San Francisco's Metropolitan Transportation Commission formally endorsed a $15 billion transit capital framework last month, covering upgrades across BART, Muni, and Caltrain through 2035. The figure sounds staggering. But transportation planners and fiscal watchdogs who've tracked the system for years say the number is less a wish list than an accounting of what neglect actually costs.
The timing matters. With the Iran funeral drawing world attention and European cities grappling with security crises, San Francisco is in its own quieter reckoning — one measured not in geopolitical shocks but in busted escalators, 22-minute headways on the 38-Geary, and a Muni Metro that still runs 1970s-era vehicles on portions of the Sunset Tunnel. The city is trying to close the gap between the transit system it has and the one its housing and climate goals require.
A Long Road to $15 Billion
The roots of this plan stretch back to 1996, when San Francisco voters approved Proposition B, dedicating a modest share of sales tax revenue to Muni capital needs. It was a start, not a solution. Over the following two decades, the San Francisco Municipal Transportation Agency — which oversees roughly 60 bus and rail lines carrying an average of 600,000 boardings daily before the pandemic — accumulated what its own engineers estimated as a $3.4 billion state-of-good-repair backlog by 2019. That number was calculated before COVID-19 erased 85 percent of Muni's ridership practically overnight in March 2020.
The pandemic didn't just drain farebox revenue.

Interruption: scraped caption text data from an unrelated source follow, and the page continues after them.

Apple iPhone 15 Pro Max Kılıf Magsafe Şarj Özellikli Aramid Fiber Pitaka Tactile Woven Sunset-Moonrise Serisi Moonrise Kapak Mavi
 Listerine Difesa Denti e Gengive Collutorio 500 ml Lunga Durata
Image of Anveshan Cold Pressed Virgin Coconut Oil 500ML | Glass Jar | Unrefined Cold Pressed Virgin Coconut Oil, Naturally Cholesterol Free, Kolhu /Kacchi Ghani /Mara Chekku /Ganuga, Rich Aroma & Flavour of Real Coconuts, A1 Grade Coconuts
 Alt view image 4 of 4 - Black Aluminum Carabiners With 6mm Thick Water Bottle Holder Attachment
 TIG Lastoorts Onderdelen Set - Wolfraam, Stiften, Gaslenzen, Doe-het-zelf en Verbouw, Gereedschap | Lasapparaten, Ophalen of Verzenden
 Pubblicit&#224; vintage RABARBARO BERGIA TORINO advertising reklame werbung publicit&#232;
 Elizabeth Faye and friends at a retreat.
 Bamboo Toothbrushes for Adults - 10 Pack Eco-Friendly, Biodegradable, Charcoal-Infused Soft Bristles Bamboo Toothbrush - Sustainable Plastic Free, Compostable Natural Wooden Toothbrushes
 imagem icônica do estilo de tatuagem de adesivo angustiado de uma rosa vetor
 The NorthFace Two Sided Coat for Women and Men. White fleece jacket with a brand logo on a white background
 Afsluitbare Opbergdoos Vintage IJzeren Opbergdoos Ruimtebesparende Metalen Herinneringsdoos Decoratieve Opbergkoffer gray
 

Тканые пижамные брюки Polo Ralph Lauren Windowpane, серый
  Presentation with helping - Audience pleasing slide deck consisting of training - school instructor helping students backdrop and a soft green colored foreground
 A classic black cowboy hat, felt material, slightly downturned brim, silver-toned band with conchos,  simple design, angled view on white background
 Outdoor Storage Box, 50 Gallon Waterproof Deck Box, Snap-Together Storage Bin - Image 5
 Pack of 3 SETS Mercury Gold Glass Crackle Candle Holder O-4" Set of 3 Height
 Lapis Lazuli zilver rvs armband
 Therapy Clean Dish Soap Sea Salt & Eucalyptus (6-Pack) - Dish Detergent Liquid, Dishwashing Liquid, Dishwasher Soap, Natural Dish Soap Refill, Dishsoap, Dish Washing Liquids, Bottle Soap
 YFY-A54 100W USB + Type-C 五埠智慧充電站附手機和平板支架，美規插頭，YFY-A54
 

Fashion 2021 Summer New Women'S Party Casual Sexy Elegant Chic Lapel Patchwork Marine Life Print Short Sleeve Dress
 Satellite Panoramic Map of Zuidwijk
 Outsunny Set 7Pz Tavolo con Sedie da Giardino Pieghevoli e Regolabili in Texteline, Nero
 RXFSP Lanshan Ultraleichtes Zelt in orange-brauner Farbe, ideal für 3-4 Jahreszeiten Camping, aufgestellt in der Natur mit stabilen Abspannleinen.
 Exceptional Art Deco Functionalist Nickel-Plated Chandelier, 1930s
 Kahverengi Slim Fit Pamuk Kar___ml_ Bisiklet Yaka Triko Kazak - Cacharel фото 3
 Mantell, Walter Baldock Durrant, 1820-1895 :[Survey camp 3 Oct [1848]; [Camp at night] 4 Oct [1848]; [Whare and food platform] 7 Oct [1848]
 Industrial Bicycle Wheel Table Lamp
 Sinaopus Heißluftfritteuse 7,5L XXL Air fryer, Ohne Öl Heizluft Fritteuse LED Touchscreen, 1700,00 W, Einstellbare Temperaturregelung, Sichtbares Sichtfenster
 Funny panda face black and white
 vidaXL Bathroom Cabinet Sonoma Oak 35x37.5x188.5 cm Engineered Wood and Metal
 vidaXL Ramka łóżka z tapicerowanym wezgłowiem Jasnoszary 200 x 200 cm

It froze capital projects, idled planning staff, and accelerated the departure of experienced operators. Muni ran a skeleton service for most of 2020 and into 2021, with lines like the 14-Mission running at reduced frequency through the heart of the Mission District while essential workers had no viable alternative. By the time service was partially restored, the SFMTA had burned through federal CARES Act and American Rescue Plan dollars that were intended as bridge funding, not structural fixes.
Meanwhile, BART entered 2022 with its own crisis. The 50-year-old system — whose transbay tube carries roughly 30,000 riders per day even in its diminished post-pandemic state — had deferred seismic retrofits on stations including 16th Street Mission and Civic Center while fighting over which government entity would cover the bill. The Core Capacity Program, a multi-billion-dollar effort to increase transbay capacity by running more trains, stalled amid cost overruns and shifting federal priorities under three different presidential administrations.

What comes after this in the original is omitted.